Allow import of NWB file with multiple acquisition "Raw" data objects
Although uncommon, some NWB files have multiple ElectricalSeries or other objects under /acquisition/raw. However, spyglass is currently limited to importing the NWB file only if there is a single object there.
@rly I do not understand this. In the data_import.insert_sessions, if the nwb file is a string, it is considered a single file. If it is a list, it is consider multiple files and each is read one at a time. See insert_sessions.py , line 24 - 27 (https://github.com/LorenFrankLab/spyglass/blob/master/src/spyglass/data_import/insert_sessions.py#L24).
If this is not a solution to your issue, can you give me an api call that illustrates where the issue you have happens..?
Bumping this bc I am running into the same issue for my project with the Jadhav Lab.
Raw only has Session in it's primary key, which prevents multiple entries per Session in the current table definition. Altering this table definition seems tricky seeing as it is the base for so many analyses. Brainstorming approaches:
- adding a primary key (like
eseries_number) toRaw. Not sure that would be able to implement in existing databases - adding a part table to
Rawthat could store information on additional eseries per session. Would need to think carefully about how to reference alternative eseries in existing downstream tables - In cases of multiple e-series, making a second
Sessionentry for the other eseries object (e.g.nwb_file_name = animal01012025_eseries2_.nwb). A little hacky, but avoids needing to change any core table structures
@CBroz1 any thoughts on practicality on any of these?
Adding a primary key
Our current assumption with table alteration updates to Spyglass is that changes can be made with DataJoint. Ideally, database admins of other instances would not need to run table alterations through MySQL. Altering primary keys has presumably been on their roadmap for 6y given the wording of the errors. This seems unlikely
Violating our assumption would mean providing a complex migration script, or altering a backup and declaring a new instance from it. That's a tough and risky road
Part table vs session-name convention
Deciding between these two comes down to a question of how multiple e-series are treated downstream. To what extent do they need to be processed as one (-> parts) vs independently and only compared later (-> convention)? I think I would want to chat more about this before making a recommendation, but I can lay out some pros/cons
Part table
Downstream tables now need to check for the presence of entries or maybe a boolean secondary key in the master table before.
- Pro: explicit relationship in the tables
- Con: significant dev to implement
Convention
Something in the primary key of the session name to highlight the relationship
- Pro: Simple to implement, delaying the burden to only needed cases
- Cons:
- Implicit knowledge, documentation burden
- May trigger #453, which can be a headache to navigate
Thanks Chris! Agree with your points above.
@pauladkisson , could you give a little more detail about the scenario for the multiple raw objects? Are these just different probes/devices that were each saved to separate raw acquisition objects in the nwb?

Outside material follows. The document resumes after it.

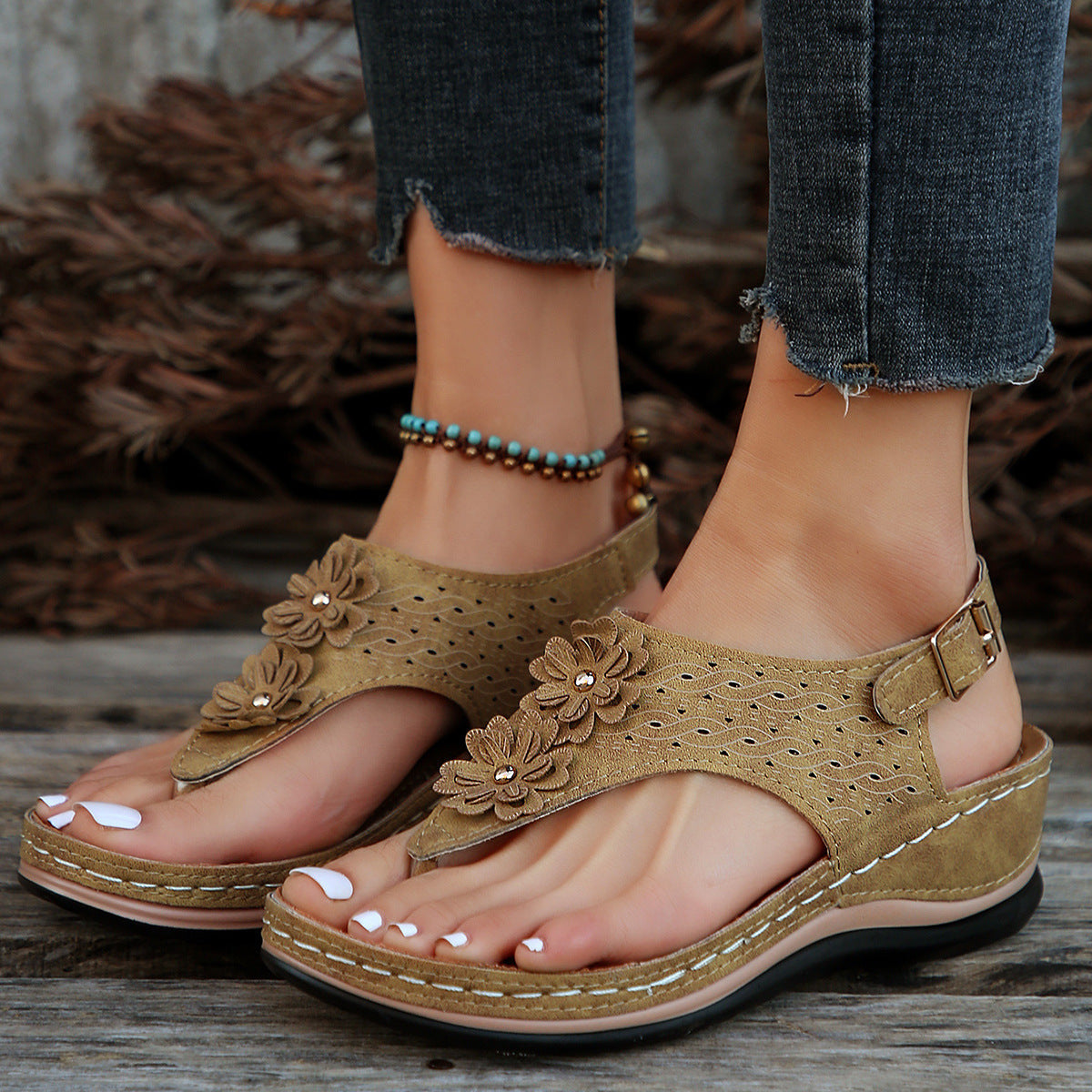 Brunch Buckled Sandals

Thanks @samuelbray32 and @CBroz1 for looking into this.
In this current scenario, we have the ephys data split into multiple recording epochs (sleep - wake - behavior - etc), within the context of a daily session (grouped together for spike sorting, behavior, and behavior).
But the more general point is that NWB encourages users to put all their raw acquired data under acquisition (https://pynwb.readthedocs.io/en/stable/tutorials/general/plot_file.html) including ephys but also other modalities like video. In the current version of sgi.insert_sessions, any other object in acquisition will break the insertion, even if it's not an ElectricalSeries.
I see. if I understand correctly theres two largely separate issues here:
1. Multiple electrical series objects in nwb.acquisition
- In our lab, the standard has been to concatenate the timestamps and voltage measurements from multiple epochs into a single electrical series object (our conversion package). Separating periods for spikesorting/behavior analysis/ etc. is done using intervals in spyglass.
- In your case these are stored as separate objects.
- Given this I would lean towards the parts table approach in
Raw. That way we can try to converge the behavior of these two ways of organizing at a early table and not need to worry about the many downstream tables. - Todo:
- Make
Raw.AdditionalEseriespart table - Generalize the
Raw.make()function to add to this parts table if multiple objects - Change the fetch_nwb/fetch1_dataframe to return the concatenated parts
- Make
2. Non-electrical series objects in nwb.acquisition
-
Raw.make()already checks that the data is an electrical series, no worries that other data will end up inRaw - My understanding is that there's still a decent degree of variability in where groups organize data in their nwb, making full standardization of the ingestion tricky.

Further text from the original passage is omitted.